Eppure, proprio nel momento del rientro in società, le persone condannate si scontrano non solo con il pregiudizio e la diffidenza della comunità, ma anche con un sistema che raramente offre percorsi strutturati di accompagnamento. Nonostante la stigmatizzazione che pesa sugli ex detenuti, Padova rappresenta un’eccezione parziale grazie alla vivacità del volontariato. Tuttavia, le realtà che si occupano di carcere sono sovraccariche e la domanda supera di gran lunga la capacità di accogliere. Infatti, le associazioni e le cooperative che collaborano con la giustizia sono oggi sommerse dalle richieste di persone in Messa alla prova – spesso condannate per reati stradali – e di persone in Affidamento in prova. Per loro l’attività di pubblica utilità o di volontariato sono componenti fondamentali del programma disposto dal giudice.
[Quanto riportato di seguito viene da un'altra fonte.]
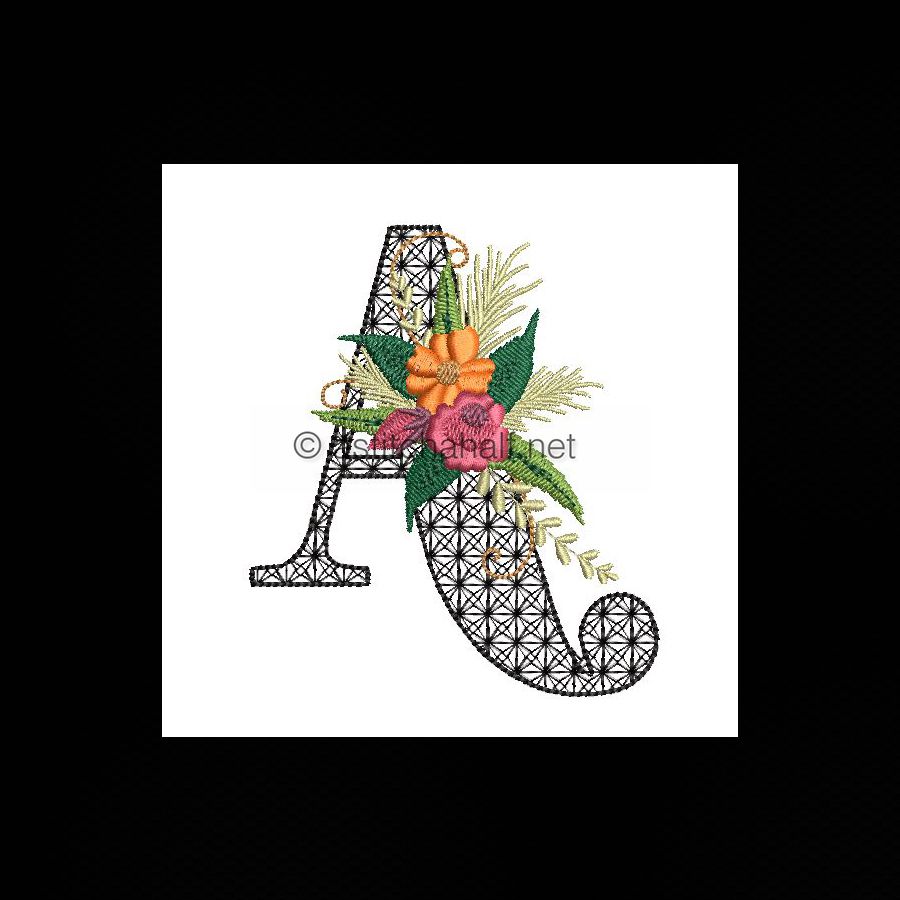 Black Velvet Monogram Letter A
Si tratta di poche ore settimanali, spesso da incastrare con un lavoro già precario, ma decisive per riconquistare la fiducia della comunità e costruire percorsi di emancipazione.
Il problema è che molte persone rischiano di non poter accedere alle misure alternative o di non completare il proprio percorso solo perché non trovano un ente disposto ad accoglierle. Questo non è un dettaglio burocratico. Significa invece perdere la possibilità di trasformare una condanna in un’occasione di crescita, e significa riportare dentro il carcere persone che potrebbero invece scontare la pena contribuendo al bene comune.
Per questo è fondamentale un’assunzione collettiva di responsabilità. Il terzo settore padovano, già ricco di competenze, valori e reti solidali, dovrebbe volgere maggiormente lo sguardo sulle persone coinvolte in percorsi di giustizia penale e accogliere la sfida di trasformare la punizione in partecipazione. Accogliere una persona in misura alternativa non significa “fare un favore”, ma contribuire a un territorio più sicuro e più giusto. Significa credere che il cambiamento è possibile, e che la comunità è il luogo in cui questo cambiamento può accadere.